DATA |
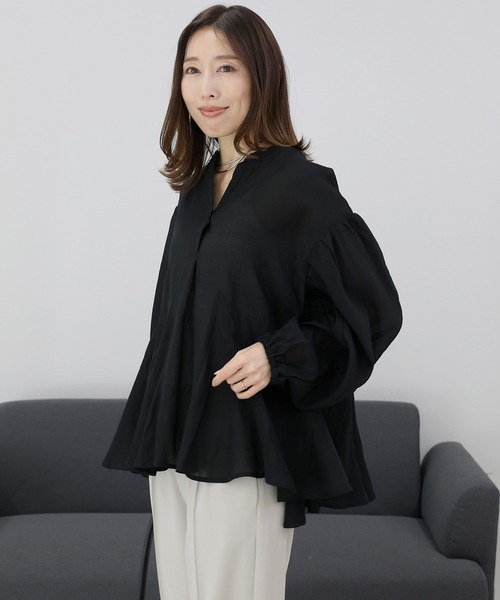 Aletta vita（アレッタビータ）の「スキッパーペプラムブラウス（シャツ/ブラウス・レディース・サックスブルー/ブラック/オフホワイト・M）」の15枚目の写真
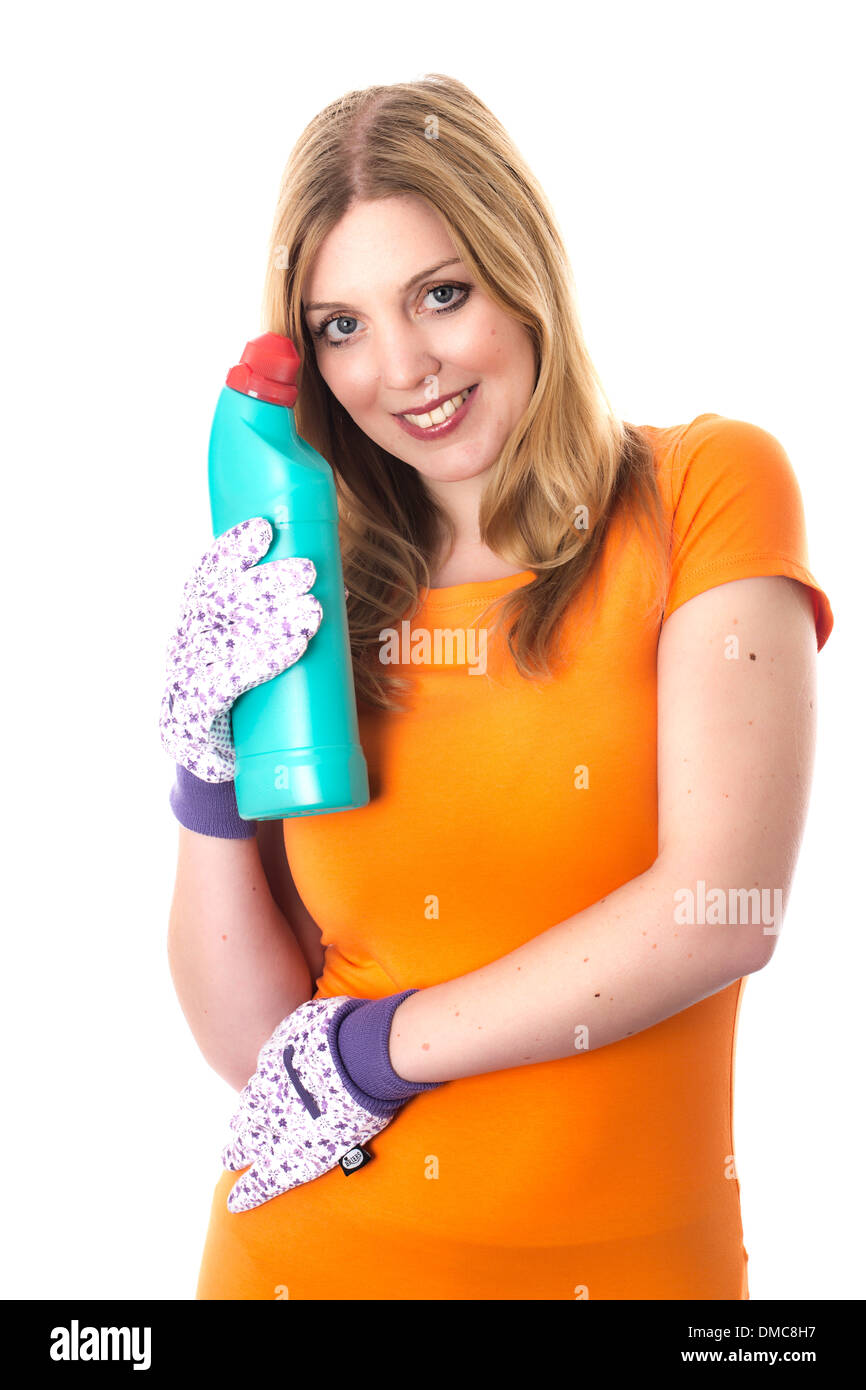 Jeune femme ou femme au foyer en portant des gants protecteurs tenant une bouteille de javel de nettoyage pour nettoyer les appareils ménagers comme les toilettes et lavabos Banque D'Images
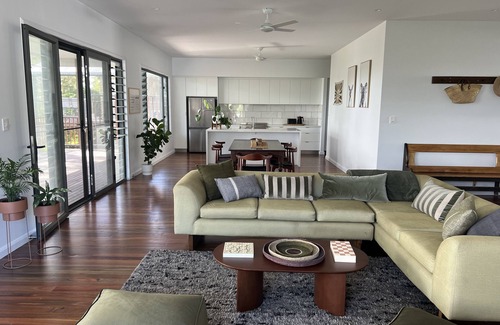 River Heads House | Waterfront house at the gateway to Kgari and the Sandy Straits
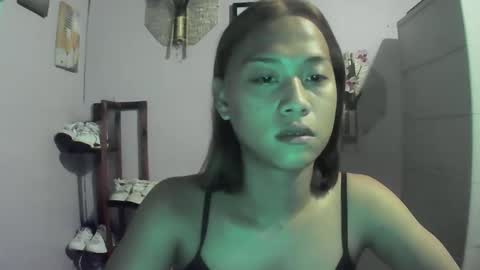 Snapshot of sexyhotrachelle chatting on December 10, 5:17 am Rachelle online show from December 10, 5:17 am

PROBLEM DETAILS |
Retype the data above verbatim, minus images.

ANSWER FOR THE TASK |
 Aletta vita（アレッタビータ）の「スキッパーペプラムブラウス（シャツ/ブラウス・レディース・サックスブルー/ブラック/オフホワイト・M）」の15枚目の写真
 Jeune femme ou femme au foyer en portant des gants protecteurs tenant une bouteille de javel de nettoyage pour nettoyer les appareils ménagers comme les toilettes et lavabos Banque D'Images
 River Heads House | Waterfront house at the gateway to Kgari and the Sandy Straits
 Snapshot of sexyhotrachelle chatting on December 10, 5:17 am Rachelle online show from December 10, 5:17 am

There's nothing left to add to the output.